Mitigating the Uncanny Valley Effect in Hyper-Realistic Robots: A Student-Centered Study on LLM-Driven Conversations
Hangyeol Kang, Thiago Freitas dos Santos, Maher Ben Moussa, Nadia Magnenat-Thalmann
TL;DR
The paper addresses the uncanny valley barrier facing hyper-realistic social robots and tests whether LLM-driven dialogue can reduce eeriness and improve engagement. Using Nadine, with a simplified SoR-ReAct architecture and LangGraph modules (router, retriever, web search, generator) and an LLM (gpt-4o-mini) plus a Chroma vectorstore, the study delivers context-aware conversations. In a one-on-one study with 68 university participants, pre- and post-interaction surveys measured creepiness, pleasantness, approachability, naturalness, and interestingness; regression analyses identified naturalness and interestingness as key predictors of willingness to continue, while human-likeness was not.

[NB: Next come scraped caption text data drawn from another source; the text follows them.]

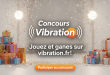 Concours Vibration : Jouez et gagnez sur vibration.fr !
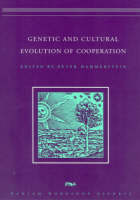 Genetic and Cultural Evolution of Cooperation - Genetic and Cultural Evolution of Cooperation (Hardback)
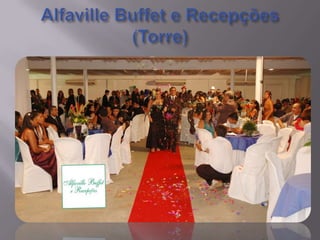 Alfaville Buffet e Recepções (Torre)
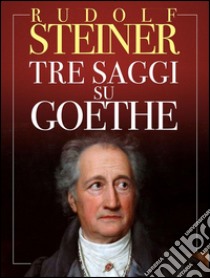 Tre saggi su Goethe. E-book. Formato Mobipocket ebook di Rudolf Steiner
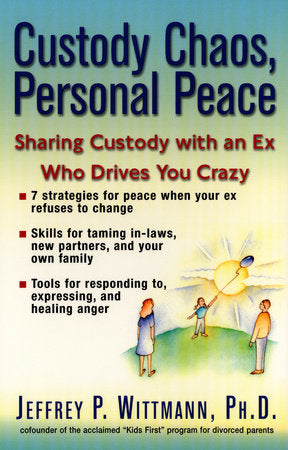 Custody Chaos, Personal Peace Paperback by Jeffrey P. Wittman
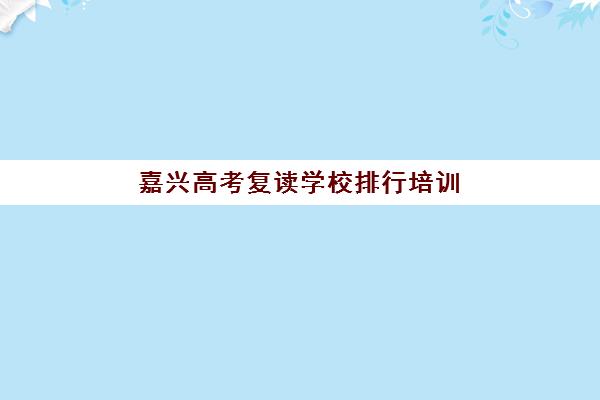 嘉兴高考复读学校排行培训班哪家好多少钱？2025年最新权威排名、费用解析与择校指南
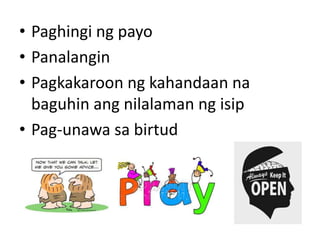 • Paghingi ng payo
• Panalangin
• Pagkakaroon ng kahandaan na
baguhin ang nilalaman ng isip
• Pag-unawa sa birtud
 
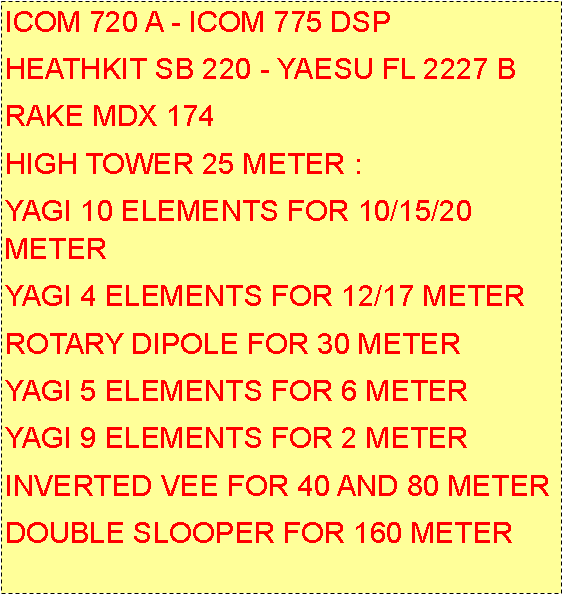 Casella di testo: ICOM IC 775 DSPHEATHKIT SB 220 - YAESU FL 2227 BRAKE MDX 174HIGH TOWER 25 METER :YAGI 10 ELEMENTS FOR 10/15/20  METERS FULL SIZE  BY MOMO BEAM SICILYYAGI 4 ELEMENTS FOR 12/17 METERSBY MOMO BEAM SICILYROTARY DIPOLE FOR WARC BANDPROSISTEL ITALYYAGI 5 ELEMENTS FOR 6 METERYAGI 9 ELEMENTS FOR 2 METER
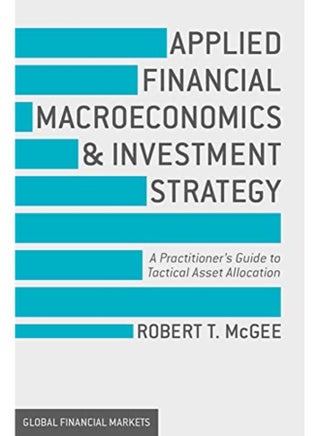Applied Financial Macroeconomics And Investment Strategy A Practitioners Guide To Tactical Asset A By McGee, Robert T. Paperback - pzsku/Z3D8F6018538D022FDB10Z/45/_/1729593745/f19999fd-f099-4e13-a3fa-6b11b6579398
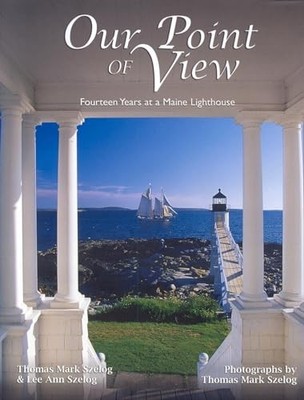 Our Point of View: Fourteen Years a..., Szelog, Lee Ann
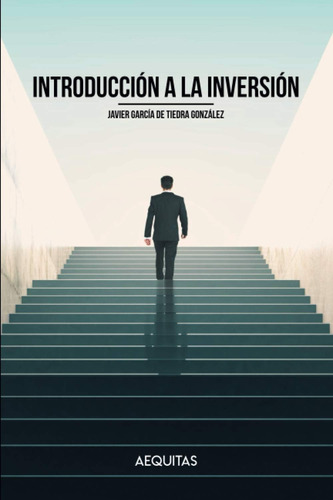 Libro: Introducción A La Inversión: Cultura Financiera, Acti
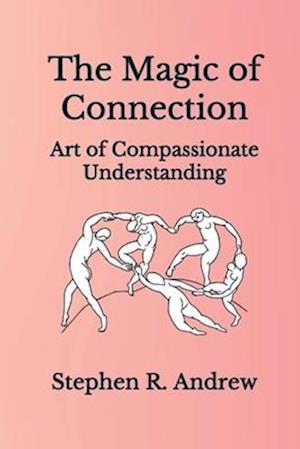 The Magic of Connection: Art of Compassionate Understanding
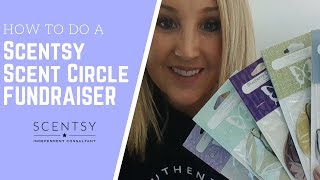 How to do a Scentsy Scent Circle Fundraiser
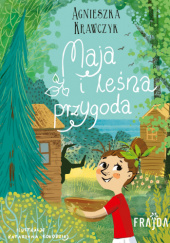 Okładka książki Maja i leśna przygoda Agnieszka Krawczyk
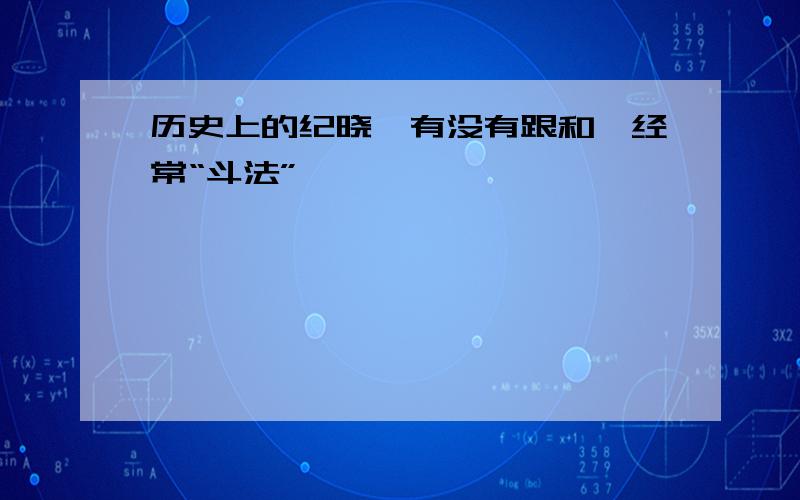 历史上的纪晓岚有没有跟和珅经常“斗法”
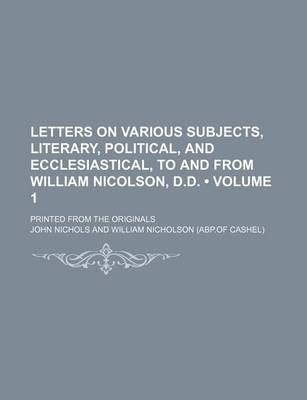 Book cover for Letters on Various Subjects, Literary, Political, and Ecclesiastical, to and from William Nicolson, D.D. (Volume 1); Printed from the Originals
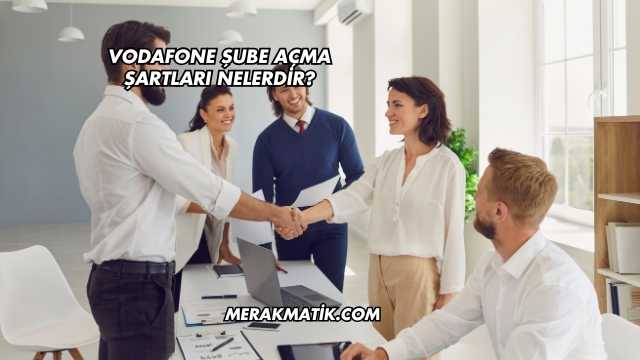 Vodafone Şube Açma Şartları Nelerdir?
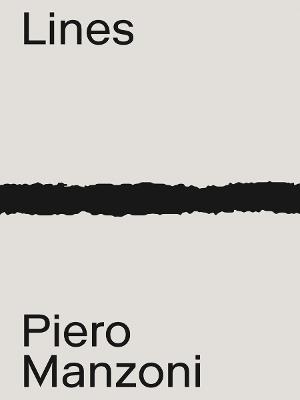 Piero Manzoni: Materials & Lines - cover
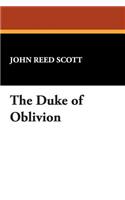 The Duke of Oblivion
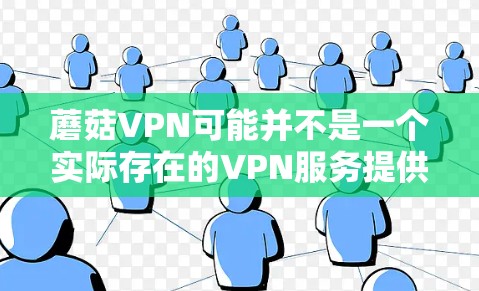 蘑菇VPN可能并不是一个实际存在的VPN服务提供商,或者可能是一个网络上的虚构名称。如果您需要使用VPN,以下是一些建议 蘑菇VPN可能并不是一个实际存在的VPN服务提供商,或者可能是一个网络上的虚构名称。如果您需要使用VPN,以下是一些建议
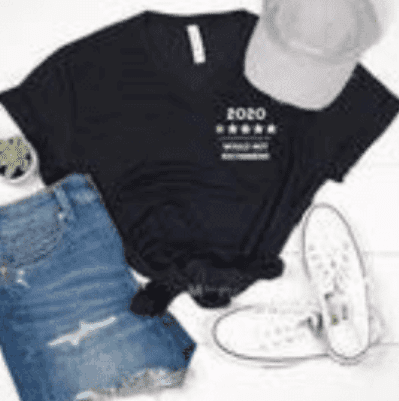 2020 Would Not Recommend T-Shirt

The findings suggest design guidance that prioritizes fluid, engaging dialogue over purely human-like mimicry, highlighting the practical potential of LLMs to bridge the uncanny valley in real-world social robotics.
Abstract
The uncanny valley effect poses a significant challenge in the development and acceptance of hyper-realistic social robots. This study investigates whether advanced conversational capabilities powered by large language models (LLMs) can mitigate this effect in highly anthropomorphic robots. We conducted a user study with 80 participants interacting with Nadine, a hyper-realistic humanoid robot equipped with LLM-driven communication skills. Through pre- and post-interaction surveys, we assessed changes in perceptions of uncanniness, conversational quality, and overall user experience. Our findings reveal that LLM-enhanced interactions significantly reduce feelings of eeriness while fostering more natural and engaging conversations. Additionally, we identify key factors influencing user acceptance, including conversational naturalness, human-likeness, and interestingness. Based on these insights, we propose design recommendations to enhance the appeal and acceptability of hyper-realistic robots in social contexts. This research contributes to the growing field of human-robot interaction by offering empirical evidence on the potential of LLMs to bridge the uncanny valley, with implications for the future development of social robots.